Что касается горской беженской массы, то она была расквартирована в трех ближайших к Палуцца деревнях, итальянское население которых ушло с партизанами в горы при первом же появлении наших частей в этой местности. Отмечу мимоходом, что вся эта местность, начиная от Толмеццо и до Палуцца и дальше через перевал к австрийской границе была колыбелью красной партизанщины; но совместными энергичными мерами горцев и казаков вся дорога была очищена от партизан настолько, что с гор они уже не спускались, ибо знали, что там «конный или пеший не пройдет живой».
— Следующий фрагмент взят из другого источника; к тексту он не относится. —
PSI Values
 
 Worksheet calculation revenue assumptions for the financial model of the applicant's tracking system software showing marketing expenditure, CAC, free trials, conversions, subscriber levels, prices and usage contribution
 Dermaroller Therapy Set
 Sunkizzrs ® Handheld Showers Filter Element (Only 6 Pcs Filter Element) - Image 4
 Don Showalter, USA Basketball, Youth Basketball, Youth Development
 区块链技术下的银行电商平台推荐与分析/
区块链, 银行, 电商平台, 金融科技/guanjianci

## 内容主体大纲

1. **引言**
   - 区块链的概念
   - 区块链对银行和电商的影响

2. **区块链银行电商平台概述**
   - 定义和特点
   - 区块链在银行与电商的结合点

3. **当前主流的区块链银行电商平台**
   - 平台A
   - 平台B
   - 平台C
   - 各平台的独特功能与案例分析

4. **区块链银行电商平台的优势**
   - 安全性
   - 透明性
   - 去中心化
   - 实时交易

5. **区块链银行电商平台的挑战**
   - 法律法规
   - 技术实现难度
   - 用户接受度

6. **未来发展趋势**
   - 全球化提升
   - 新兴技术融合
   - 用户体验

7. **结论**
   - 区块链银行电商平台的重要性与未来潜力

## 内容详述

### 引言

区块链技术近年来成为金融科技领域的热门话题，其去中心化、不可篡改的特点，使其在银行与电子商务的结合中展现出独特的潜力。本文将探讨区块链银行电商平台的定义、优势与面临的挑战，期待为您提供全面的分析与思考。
Не стану останавливаться на тех операциях, чисто военного характера, которые предпринимались нами против партизанских банд, но отмечу, что банды эти очень скоро поняли свою слабость в борьбе с нами в горах в обстановке, которая нам была больше знакома, чем им.
Время шло, одна тревожная весть сменялась другою. Все сильнее сжималось кольцо вокруг когда-то могучей немецкой армии. Грустно становилось немцам, грустно было и нам. Ошибки, допущенные их политическими руководителями, они поняли. Поняли, что мы были правы, и надо было воспользоваться нашими советами. Но теперь слишком поздно говорить и думать об ошибках. Надвигался «девятый вал»…
Ждать пришлось недолго, и когда в первых числах мая показались первые повозки казачьего транспорта, стало понятным, что уходить надо и нам.